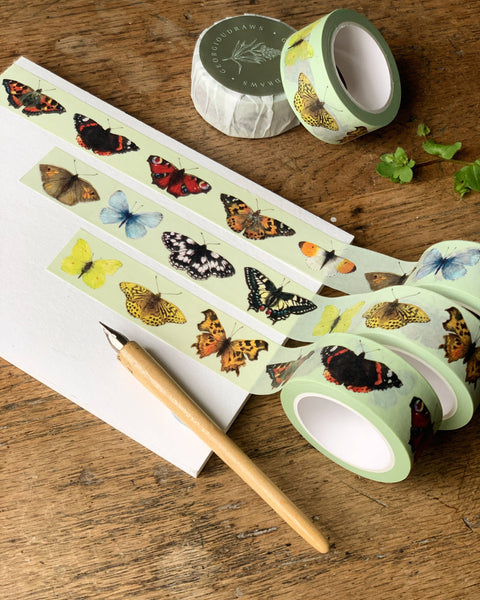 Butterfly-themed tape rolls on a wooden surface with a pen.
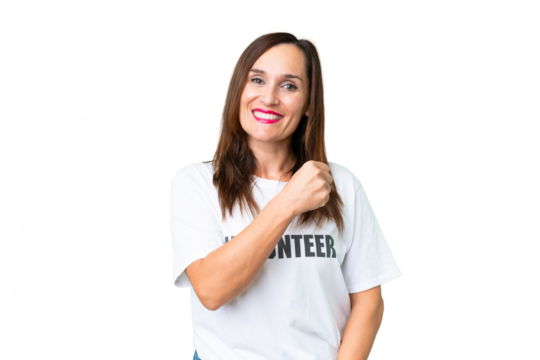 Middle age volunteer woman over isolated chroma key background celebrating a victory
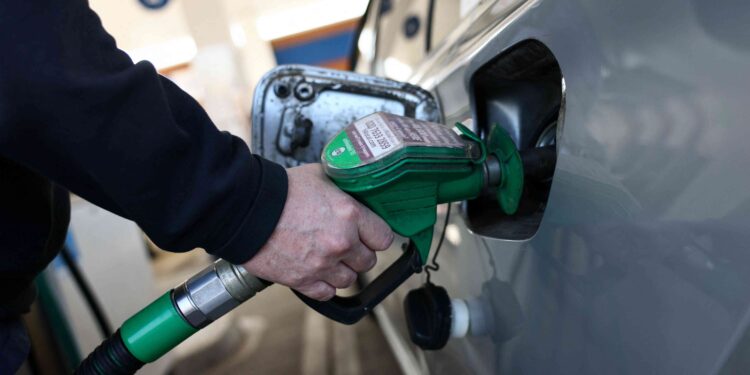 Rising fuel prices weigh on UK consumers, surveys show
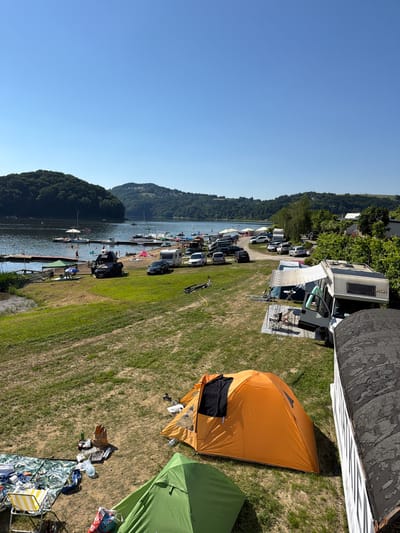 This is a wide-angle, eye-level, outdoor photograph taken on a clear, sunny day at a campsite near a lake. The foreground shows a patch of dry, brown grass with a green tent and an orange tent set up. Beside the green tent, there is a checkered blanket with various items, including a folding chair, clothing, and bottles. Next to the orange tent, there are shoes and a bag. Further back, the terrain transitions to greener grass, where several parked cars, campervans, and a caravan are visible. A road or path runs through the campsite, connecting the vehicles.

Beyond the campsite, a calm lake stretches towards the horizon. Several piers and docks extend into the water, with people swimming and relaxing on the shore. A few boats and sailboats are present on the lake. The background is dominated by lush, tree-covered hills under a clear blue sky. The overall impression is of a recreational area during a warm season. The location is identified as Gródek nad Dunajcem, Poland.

□ □ □ □ □

Problem requirements
Work from the entries above. Set down exactly and only the lines from the line with "Middle age volunteer" to the line with "Rising fuel prices", both included, and leave the pictures out.

Task response
 Middle age volunteer woman over isolated chroma key background celebrating a victory
 Rising fuel prices weigh on UK consumers, surveys show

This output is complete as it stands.